» **Prompt**
Omit all pictures, then print the entries exactly.

_ _ _ _ _ _ _

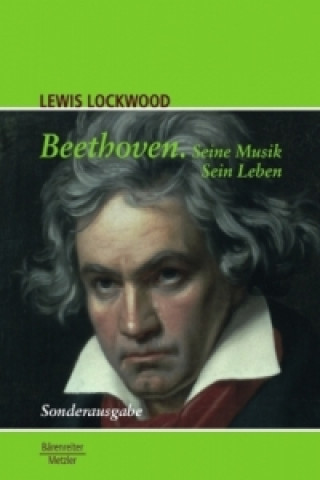 Carte Beethoven Lewis Lockwood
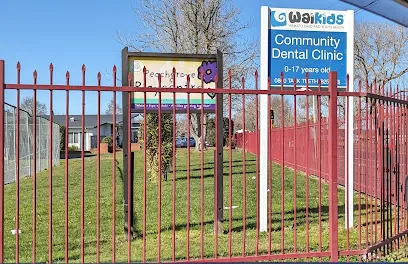 Peachgrove Community Dental Clinic header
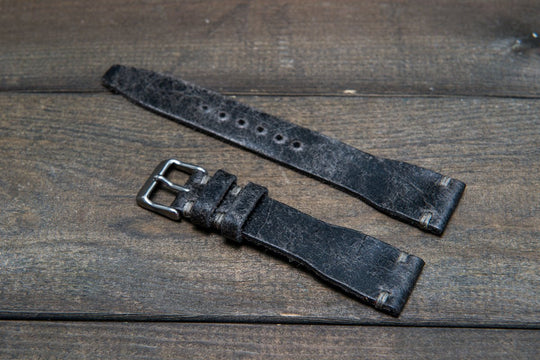 Watch strap, watch band, leather watch strap, leather watch band, finwatchstraps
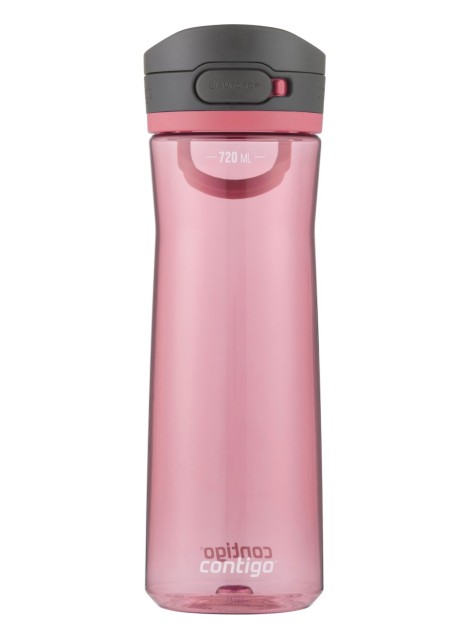 Contigo AUTOPOP™ Jackson 2.0 drinking bottle, water bottle 720ml (Frost Rose)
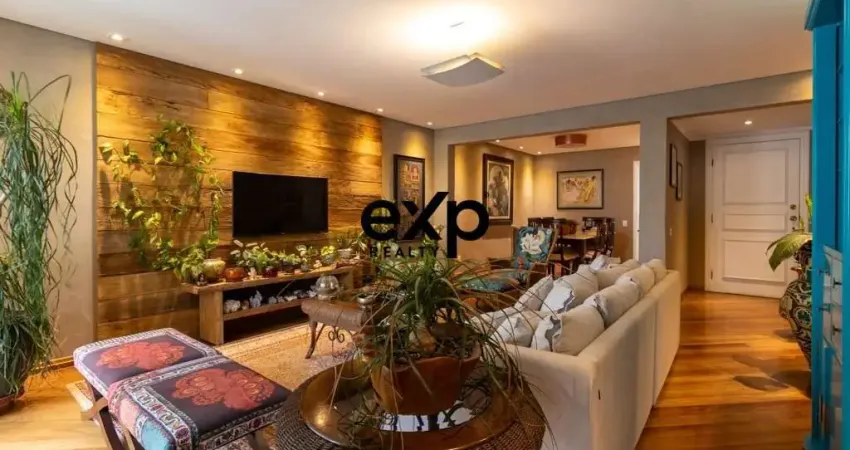 Apartamento com 4 quartos à venda na Rua Nebraska, 486, Brooklin, São Paulo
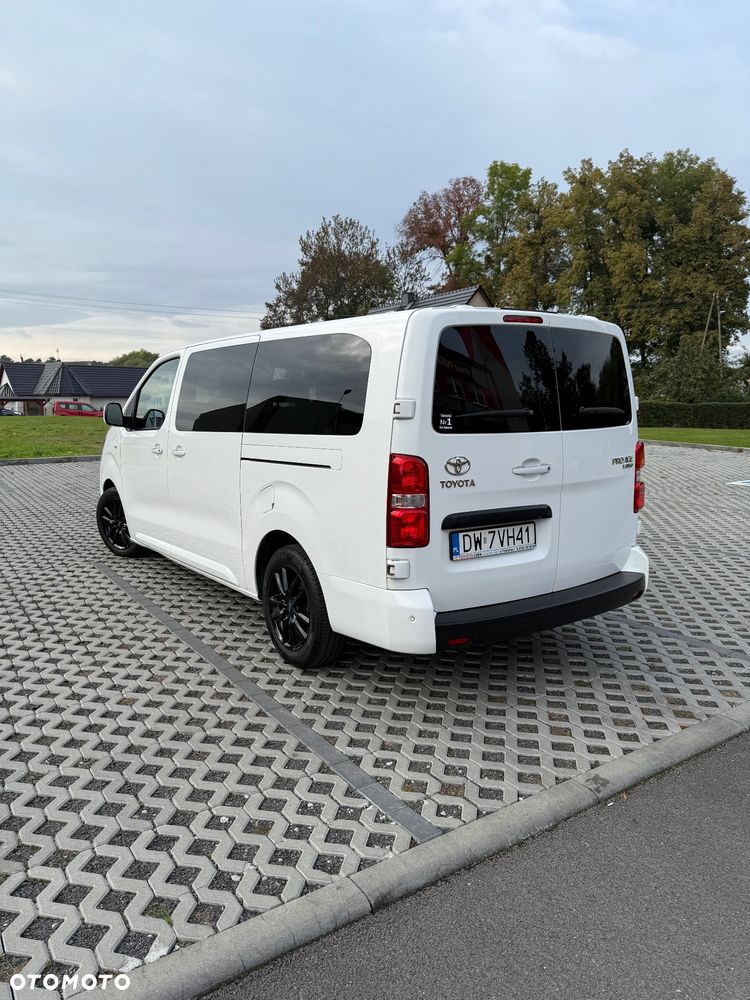 Toyota Proace Verso 2.0 D4-D Long Family - 4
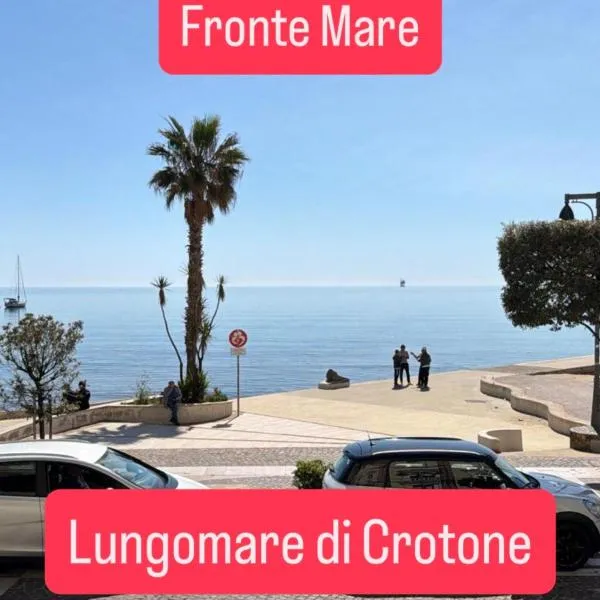 Belvedere Lacinio Luxury Guest House, hotel a Crotone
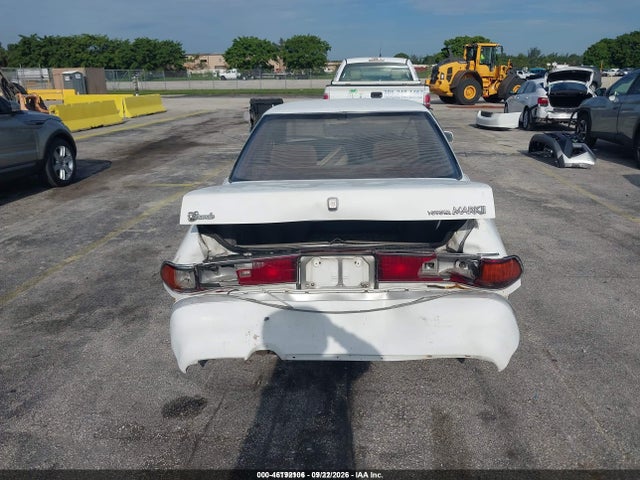46192106 :رقم المزاد ، GX813216693 vin ، 1990 Toyota Mark 2 مزاد بيع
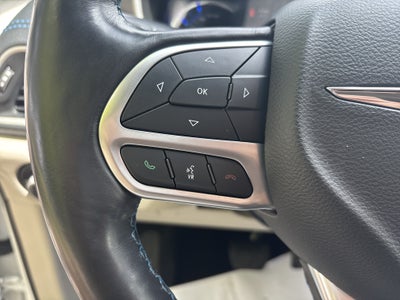 2021 Chrysler Pacifica Hybrid Touring L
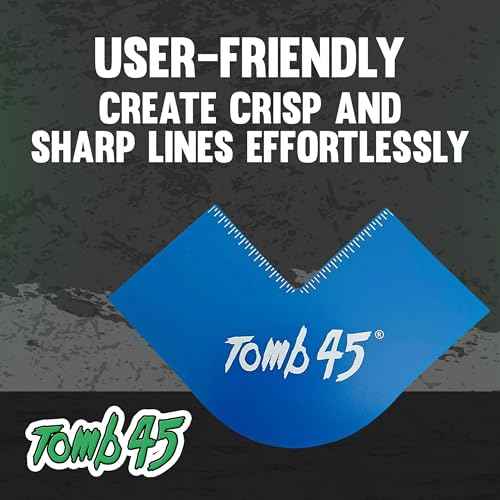 Tomb45 Color Enhancement Klutch Card for Beard and Line Up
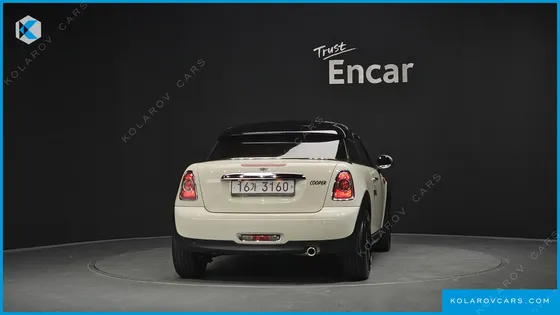 MINI COUPE 1.6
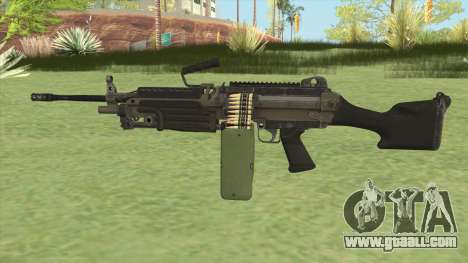 M249 (Insurgency: Sandstorm) for GTA San Andreas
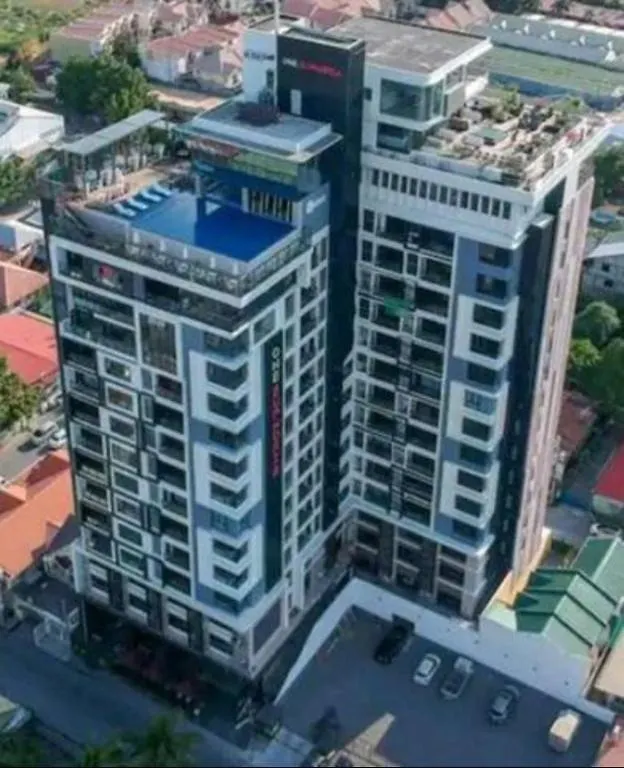 Apartmán Gorgeous 1Br In One Euphoria Angeles
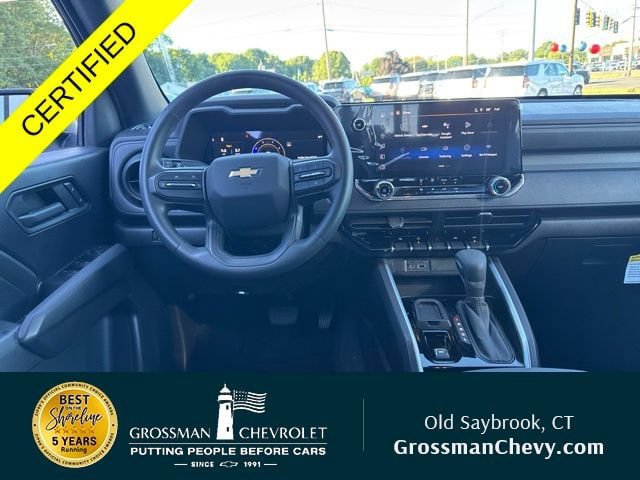 Used 2026 Chevrolet Colorado W/T RWD image 19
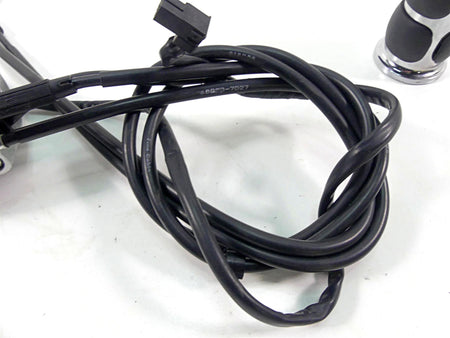 2008 Suzuki M109R VZR1800 Right Hand Control Switch Throttle Set 37200-48G30 {{ shop.shopifyCountryName }} - Mototech271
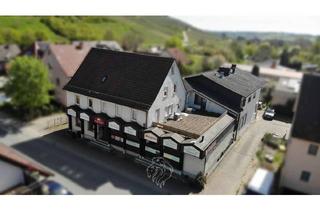 Haus kaufen in 97980 Bad Mergentheim, Projektchance mit großem Entwicklungspotenzial bei Bad Mergentheim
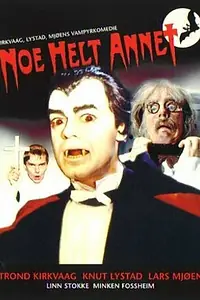 Постер к фильму «Noe helt annet (1985)»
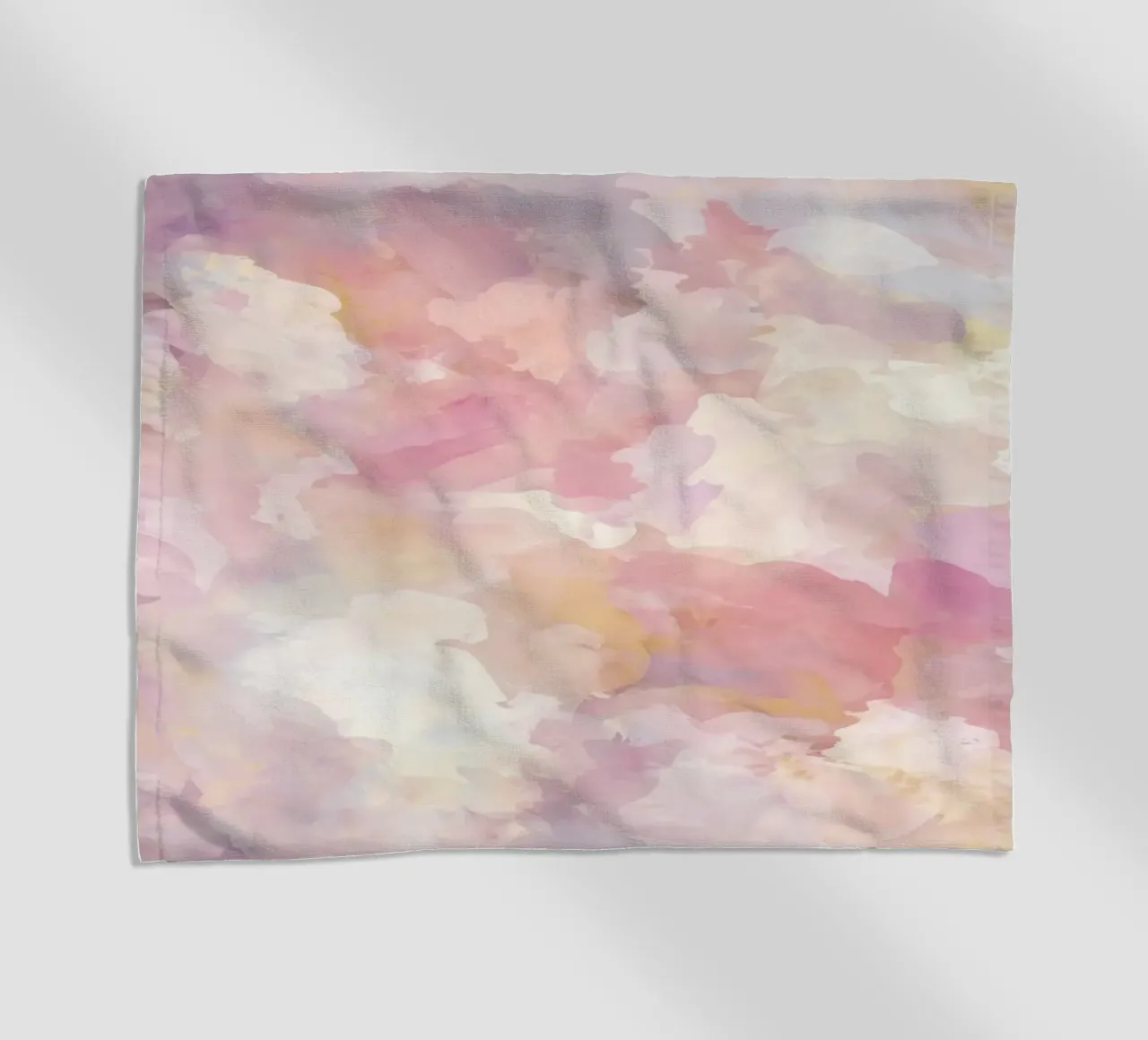 Pastel Pattern No 01 telo mare da treechild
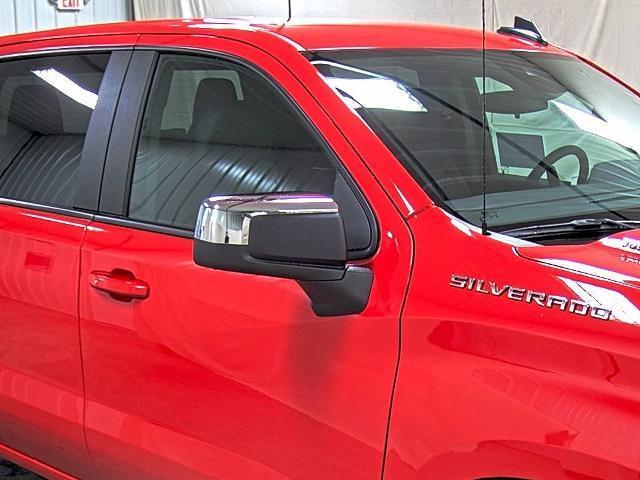 new 2025 Chevrolet Silverado 1500 car, priced at $44,280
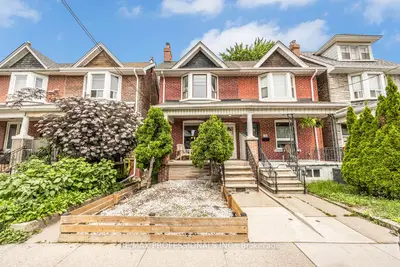 70 Lappin Avenue, Toronto W02, On M6h 1y4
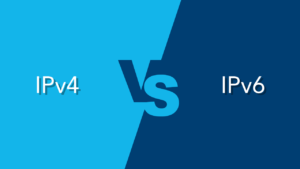 الفرق بين IPv6 و IPv4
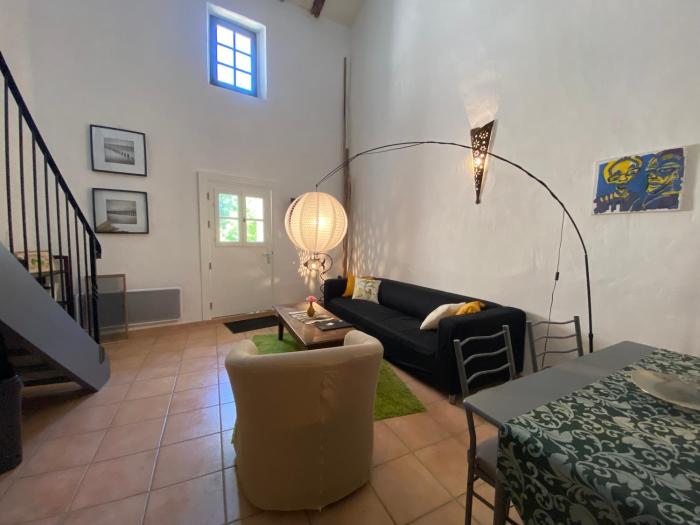 Orangerie de Cardet - FamilySuite "Le Tilleul"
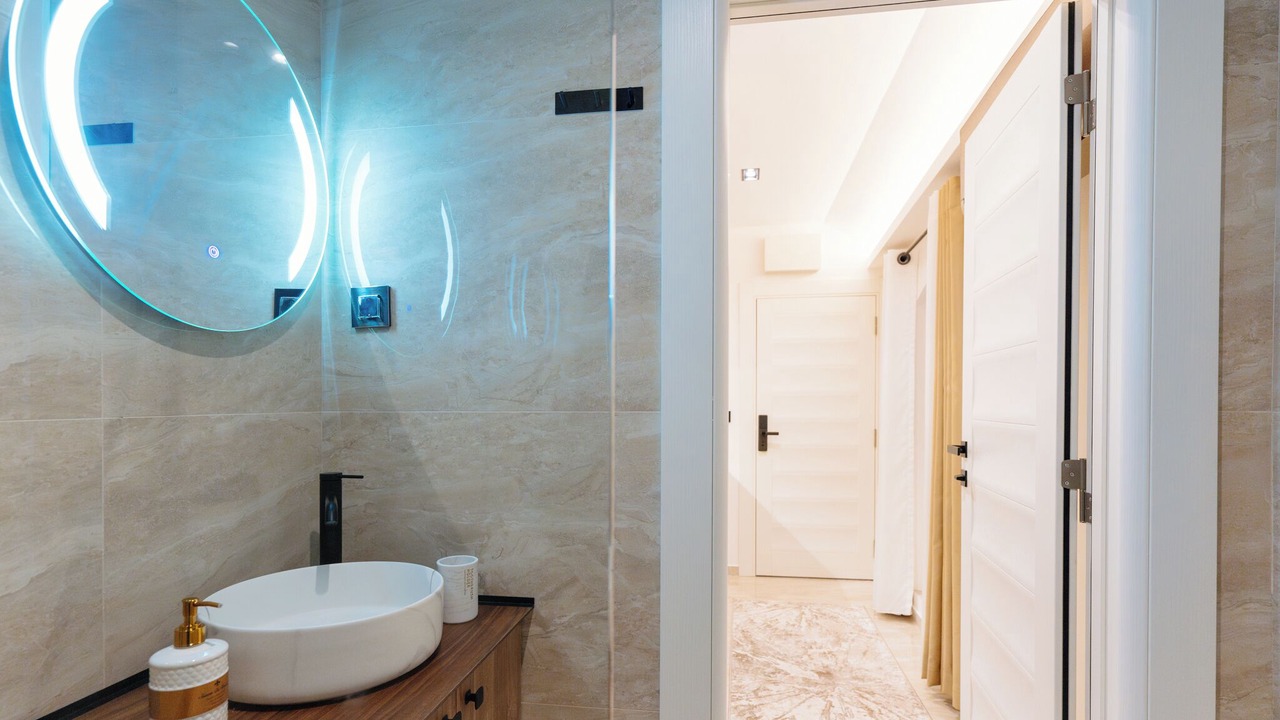 Photo of Bathroom in Kotor Old Town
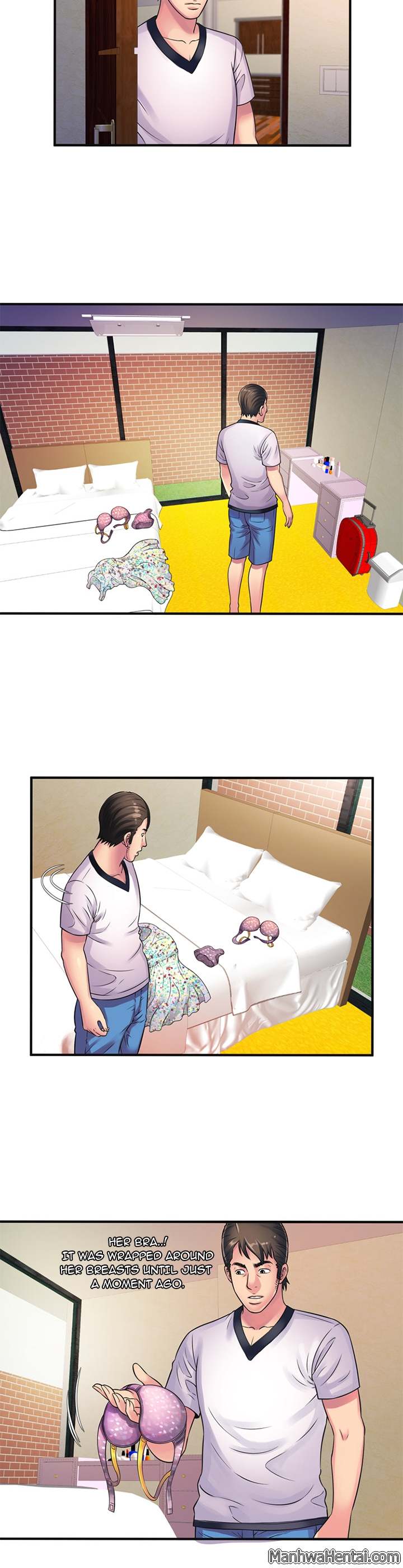 My Friend's Dad chapter 11 page 11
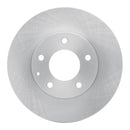 DFC Brake Rotors - Plain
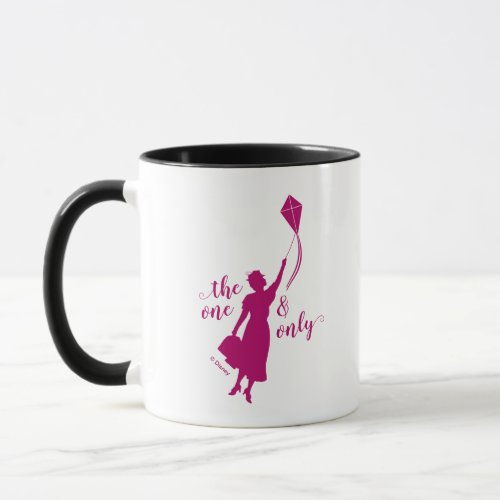 Mary Poppins  The One and Only Mug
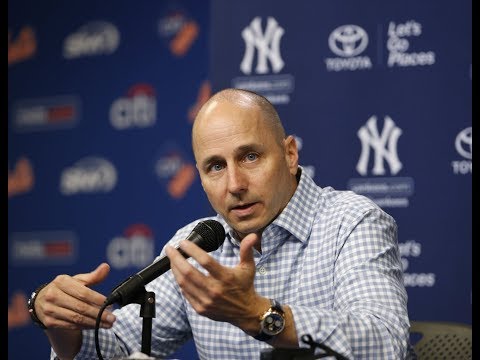 Could Yankees, Mets match up for blockbuster trade?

_ _ _ _ _ _ _

» **Response**
 Carte Beethoven Lewis Lockwood
 Peachgrove Community Dental Clinic header
 Watch strap, watch band, leather watch strap, leather watch band, finwatchstraps
 Contigo AUTOPOP™ Jackson 2.0 drinking bottle, water bottle 720ml (Frost Rose)
 Apartamento com 4 quartos à venda na Rua Nebraska, 486, Brooklin, São Paulo
 Toyota Proace Verso 2.0 D4-D Long Family - 4
 Belvedere Lacinio Luxury Guest House, hotel a Crotone
46192106 :رقم المزاد ، GX813216693 vin ، 1990 Toyota Mark 2 مزاد بيع
 2021 Chrysler Pacifica Hybrid Touring L
 Tomb45 Color Enhancement Klutch Card for Beard and Line Up
 MINI COUPE 1.6
 M249 (Insurgency: Sandstorm) for GTA San Andreas
 Apartmán Gorgeous 1Br In One Euphoria Angeles
 Used 2026 Chevrolet Colorado W/T RWD image 19
 2008 Suzuki M109R VZR1800 Right Hand Control Switch Throttle Set 37200-48G30 {{ shop.shopifyCountryName }} - Mototech271
 Haus kaufen in 97980 Bad Mergentheim, Projektchance mit großem Entwicklungspotenzial bei Bad Mergentheim
 Постер к фильму «Noe helt annet (1985)»
 Pastel Pattern No 01 telo mare da treechild
 new 2025 Chevrolet Silverado 1500 car, priced at $44,280
 70 Lappin Avenue, Toronto W02, On M6h 1y4
 الفرق بين IPv6 و IPv4
 Orangerie de Cardet - FamilySuite "Le Tilleul"
 Photo of Bathroom in Kotor Old Town
 My Friend's Dad chapter 11 page 11
 DFC Brake Rotors - Plain
 Mary Poppins  The One and Only Mug
 Could Yankees, Mets match up for blockbuster trade?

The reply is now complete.